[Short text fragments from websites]
◆ ◆ ◆ ◆ ◆ ◆ ◆

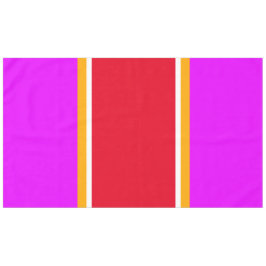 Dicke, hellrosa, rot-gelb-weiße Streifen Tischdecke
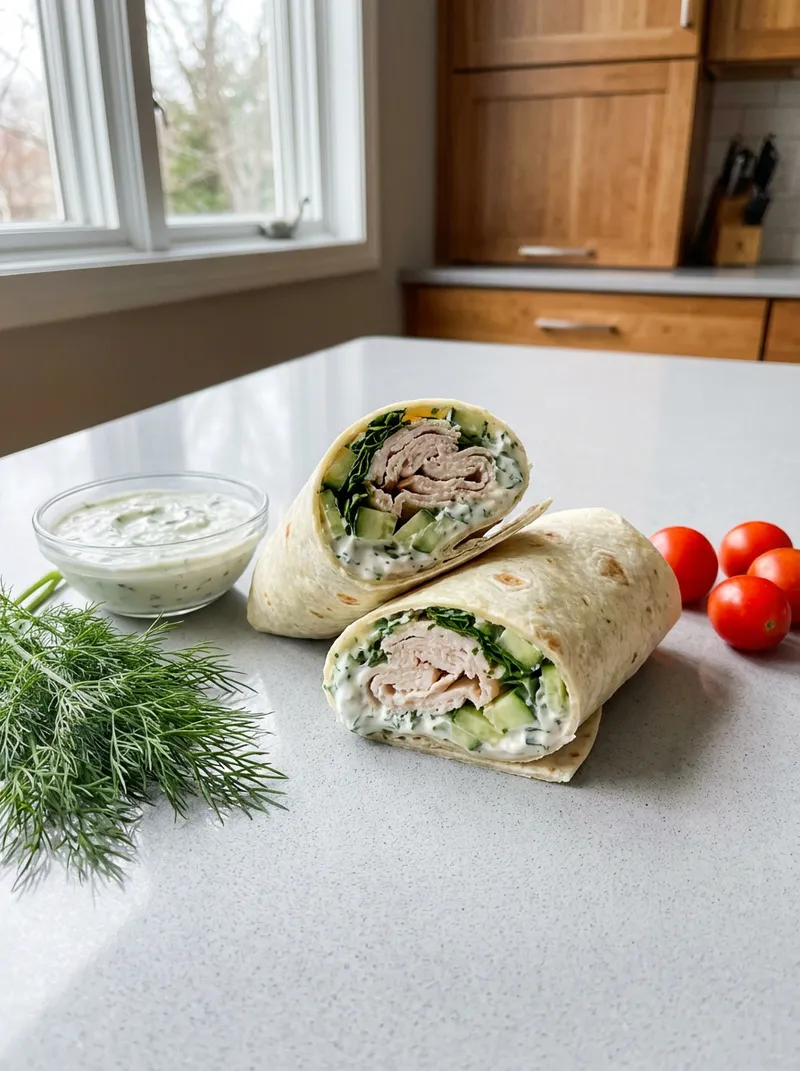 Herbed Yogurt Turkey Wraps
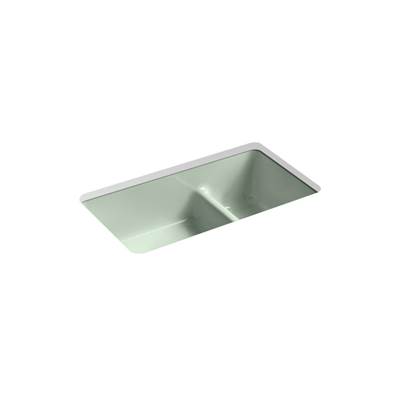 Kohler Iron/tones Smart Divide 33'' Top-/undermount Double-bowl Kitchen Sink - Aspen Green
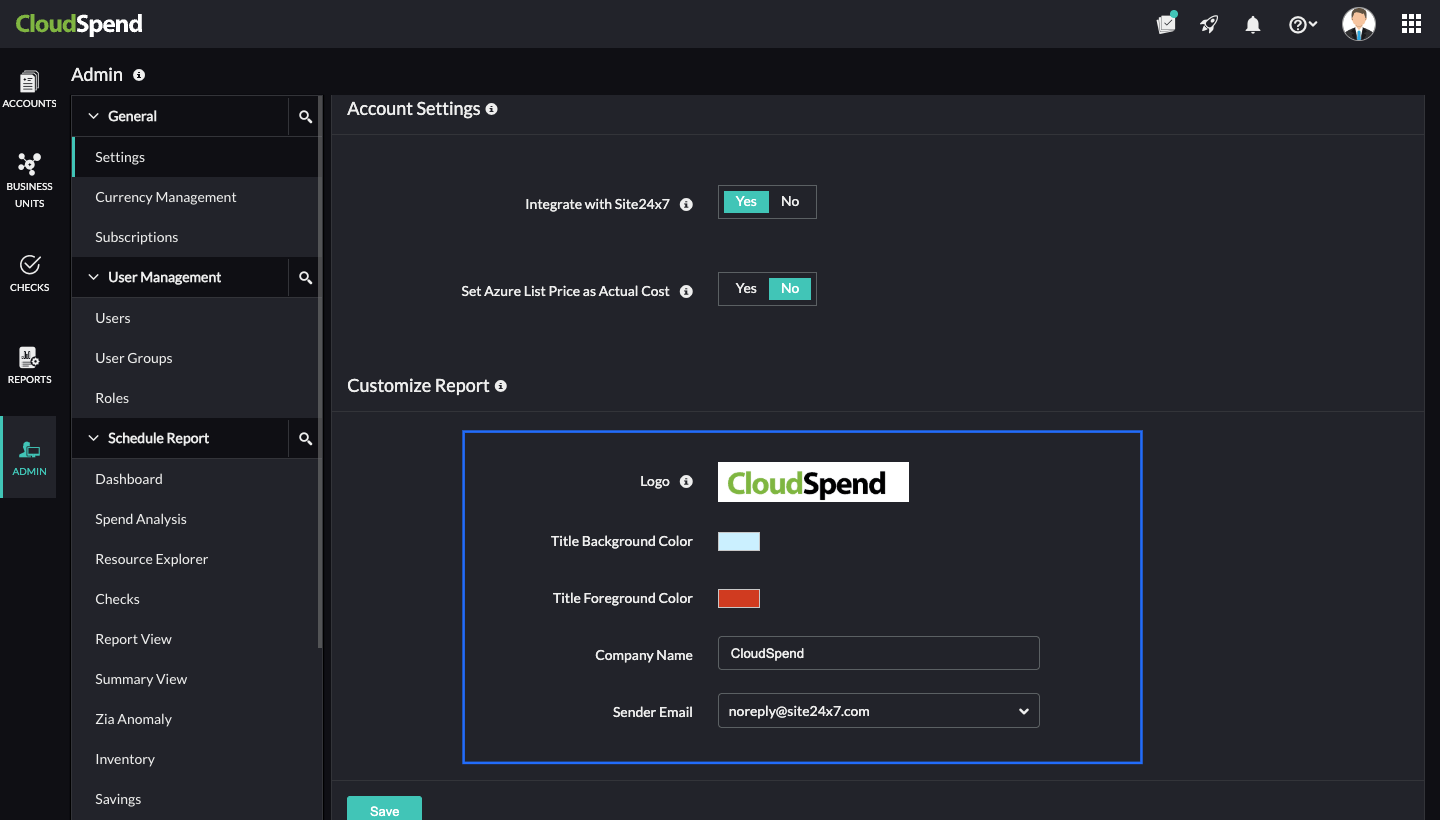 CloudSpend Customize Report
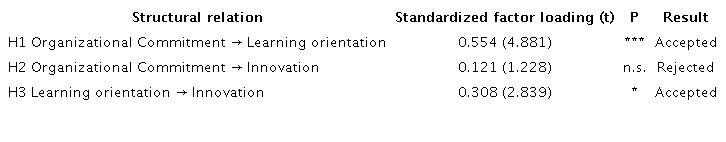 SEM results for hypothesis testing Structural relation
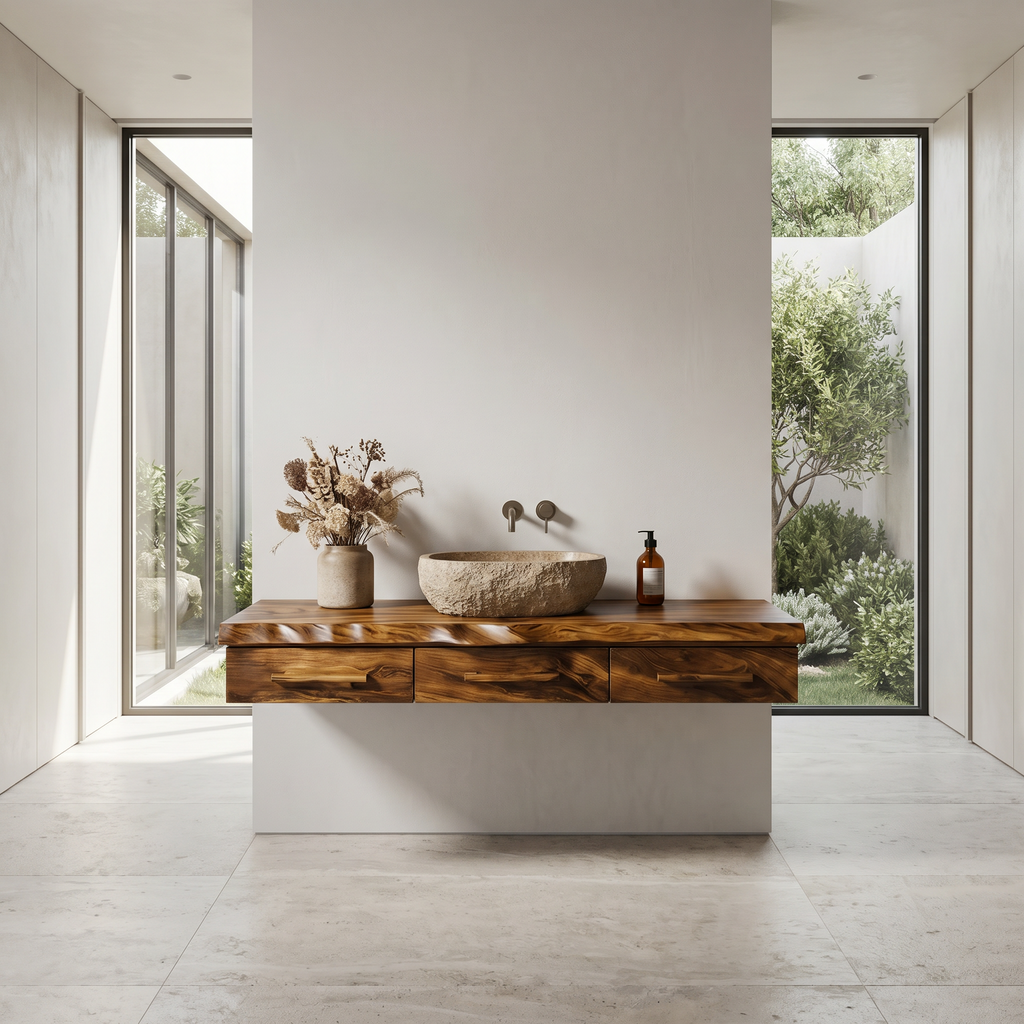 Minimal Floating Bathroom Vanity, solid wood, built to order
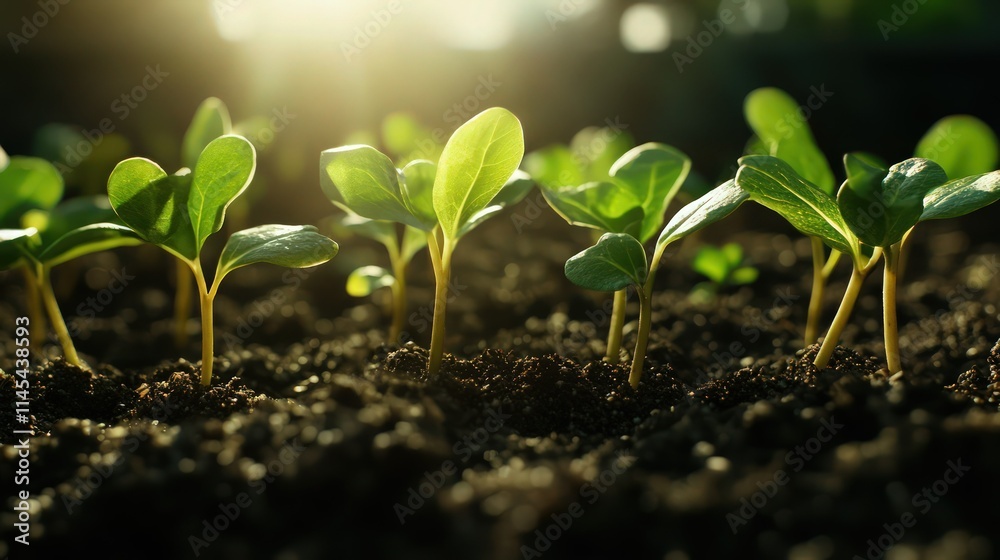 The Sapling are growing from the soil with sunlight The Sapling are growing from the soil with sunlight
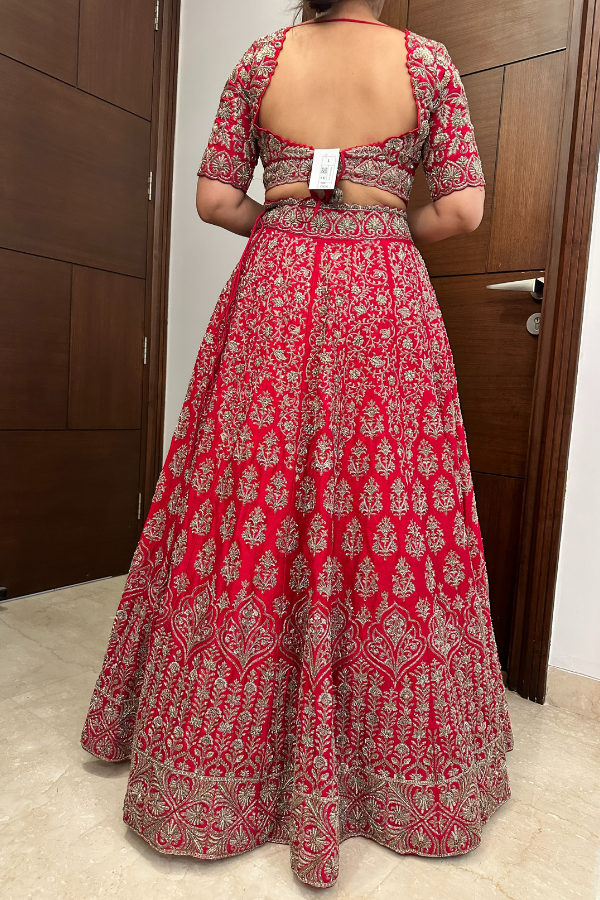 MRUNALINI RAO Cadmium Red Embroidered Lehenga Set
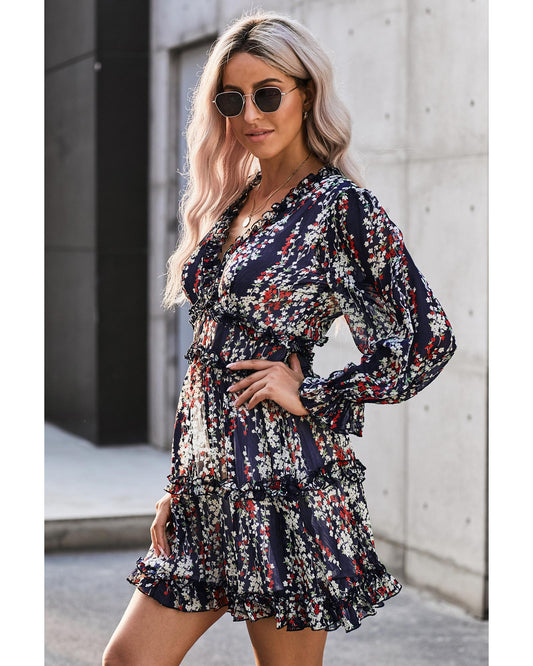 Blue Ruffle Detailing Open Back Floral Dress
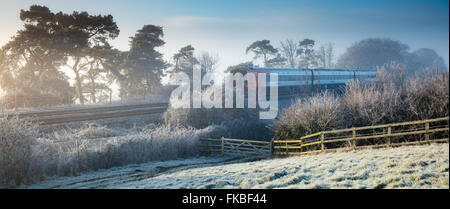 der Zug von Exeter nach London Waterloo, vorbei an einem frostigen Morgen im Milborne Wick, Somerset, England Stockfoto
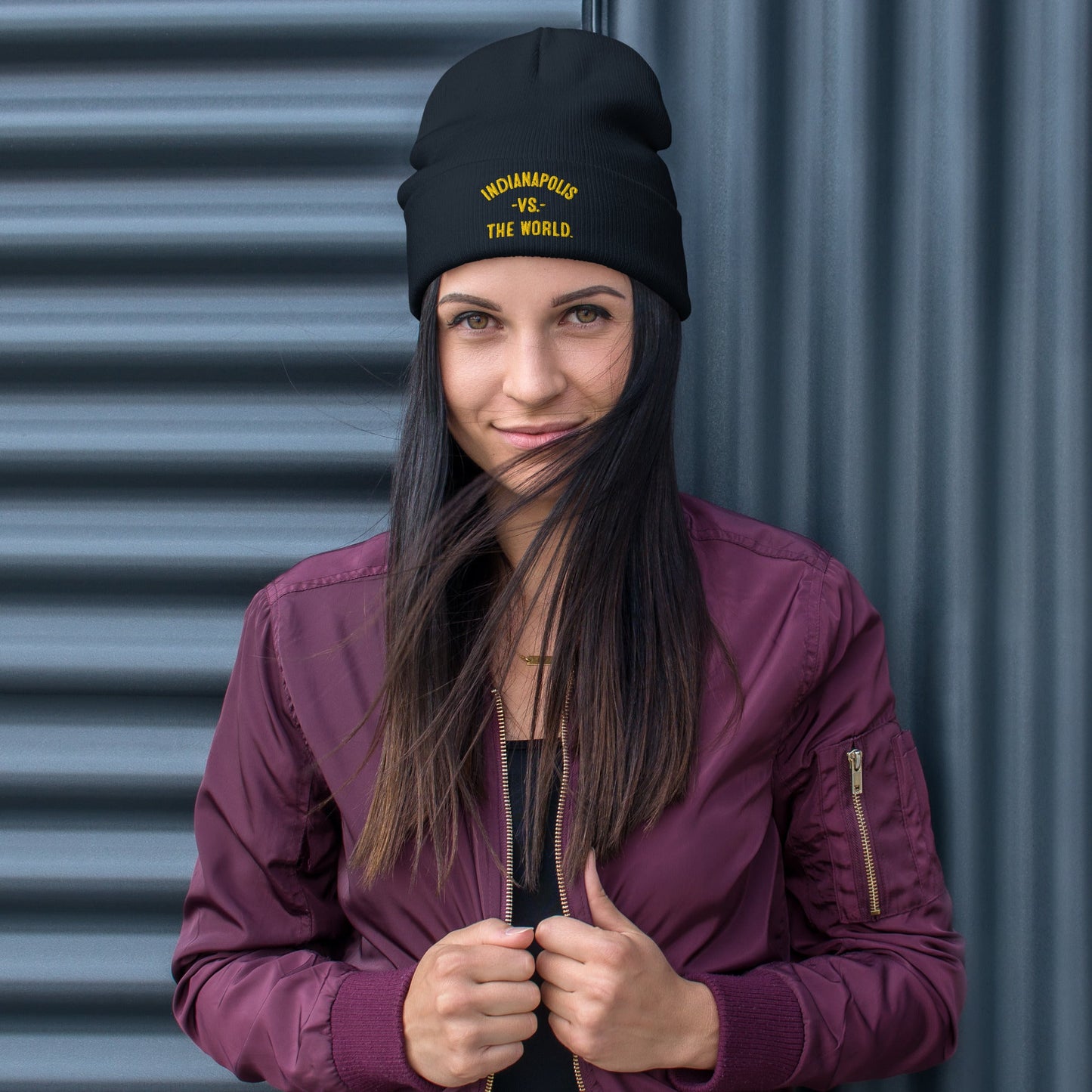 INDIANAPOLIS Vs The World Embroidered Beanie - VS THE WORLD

◆ ◆ ◆ ◆ ◆ ◆ ◆

* [Try it] Hand back the data above exactly, leaving out all pictures.

* [Solution to the problem]
 Dicke, hellrosa, rot-gelb-weiße Streifen Tischdecke
 Herbed Yogurt Turkey Wraps
 Kohler Iron/tones Smart Divide 33'' Top-/undermount Double-bowl Kitchen Sink - Aspen Green
 CloudSpend Customize Report
 SEM results for hypothesis testing Structural relation
 Minimal Floating Bathroom Vanity, solid wood, built to order
 The Sapling are growing from the soil with sunlight The Sapling are growing from the soil with sunlight
 MRUNALINI RAO Cadmium Red Embroidered Lehenga Set
 Blue Ruffle Detailing Open Back Floral Dress
 der Zug von Exeter nach London Waterloo, vorbei an einem frostigen Morgen im Milborne Wick, Somerset, England Stockfoto
 INDIANAPOLIS Vs The World Embroidered Beanie - VS THE WORLD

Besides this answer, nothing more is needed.